US-Präsident Trump will nun doch wieder die Lieferung von Luftabwehr-Systemen freigeben. Europäische Länder sind bereit, dafür die Kosten zu übernehmen. In der Schweiz hingegen wird eine mögliche Bewilligung zur indirekten Weitergabe von Bestandteilen für die Luftabwehr an die Ukraine seit mehr als drei Jahren verschleppt.
Es ist eine gute Nachricht für die Ukraine, deren Städte und Dörfer jede Nacht von tödlichen und zerstörerischen russischen Luftangriffen heimgesucht werden, dass Präsident Trump den eine Woche zuvor verkündeten Lieferstopp für Patriot-Luftabwehrsystem und anderen Verteidigungswaffen jetzt wieder aufgehoben hat. Restlos vertrauen kann man zwar dieser Trumpschen Sinnesänderung auch wieder nicht. Denn der sprunghafte Herr im Weissen Haus hat in den vergangenen Monaten seine Haltung zum Ukraine-Krieg und zum Aggressor Putin schon häufig genug gewechselt oder in neue Richtungen umgebogen.

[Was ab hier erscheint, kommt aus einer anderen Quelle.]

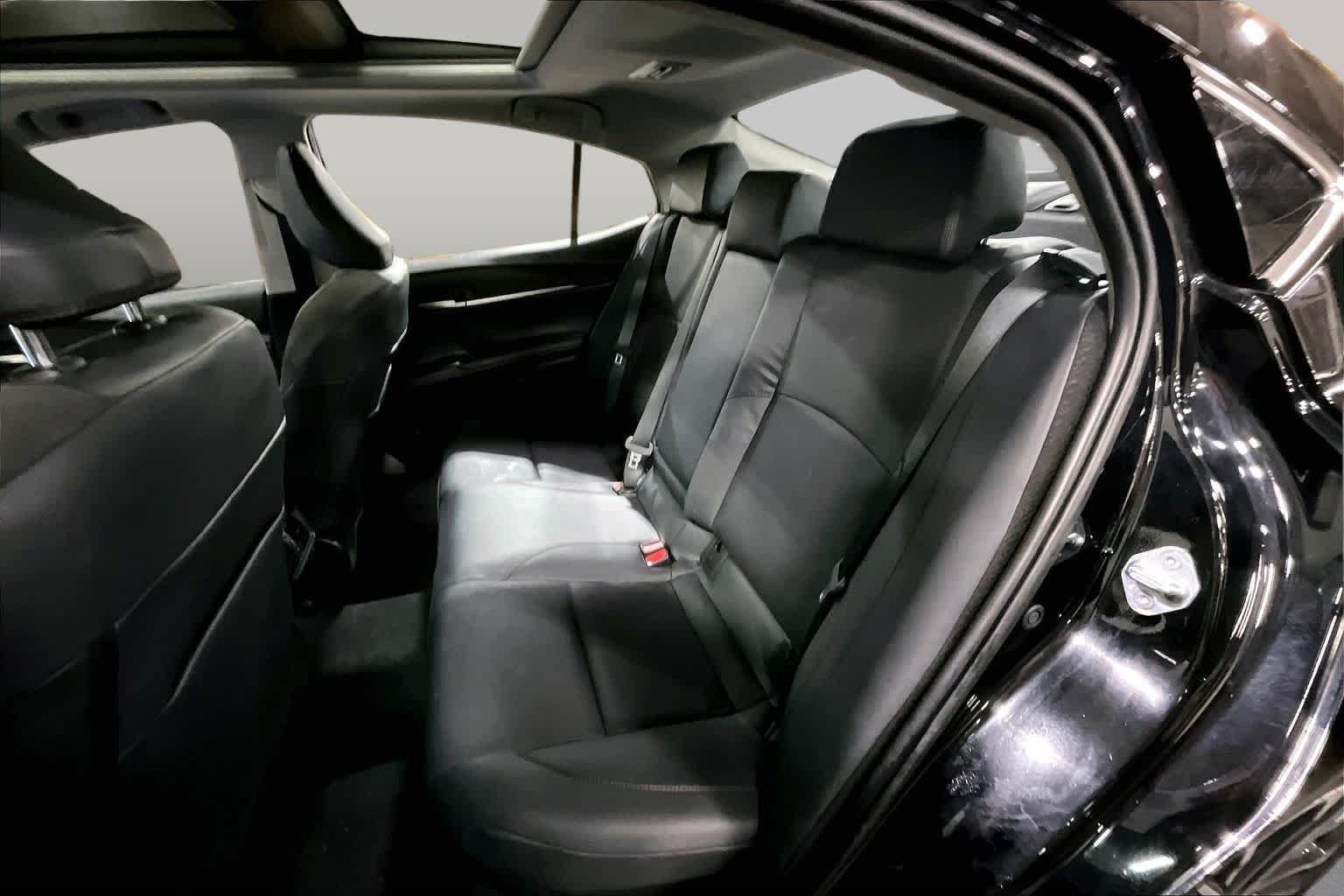 Used 2025 Midnight Black Metallic Toyota XLE image 21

Trump macht die Ukraine-Hilfe zum Geschäft
Dennoch dürfte nun die Pipeline für die Lieferung dringend benötigter Luftabwehr-Batterien an die Ukraine umgehend wieder geöffnet sein, zumal die europäischen Nato-Partner Trumps Bedingung, für die Kosten dieses Nachschubs die Bezahlung zu übernehmen, weitgehend zustimmend reagiert haben. Der Präsident kann mit dieser Art von Deal seinen MAGA-Anhängern in den USA vorrechnen, dass seine Ukraine-Hilfe – anders als unter seinem Vorgänger Biden – erstens die Steuerzahler nicht belaste und zweitens ein lukratives Geschäft für die einheimische Waffenindustrie bedeute. Mit ähnlich geschäftstüchtiger Kaltblütigkeit hatte er zuvor ja schon der Regierung Selenskyj einen Vertrag zur Ausbeutung von Rohstoffen in der Ukraine abgerungen.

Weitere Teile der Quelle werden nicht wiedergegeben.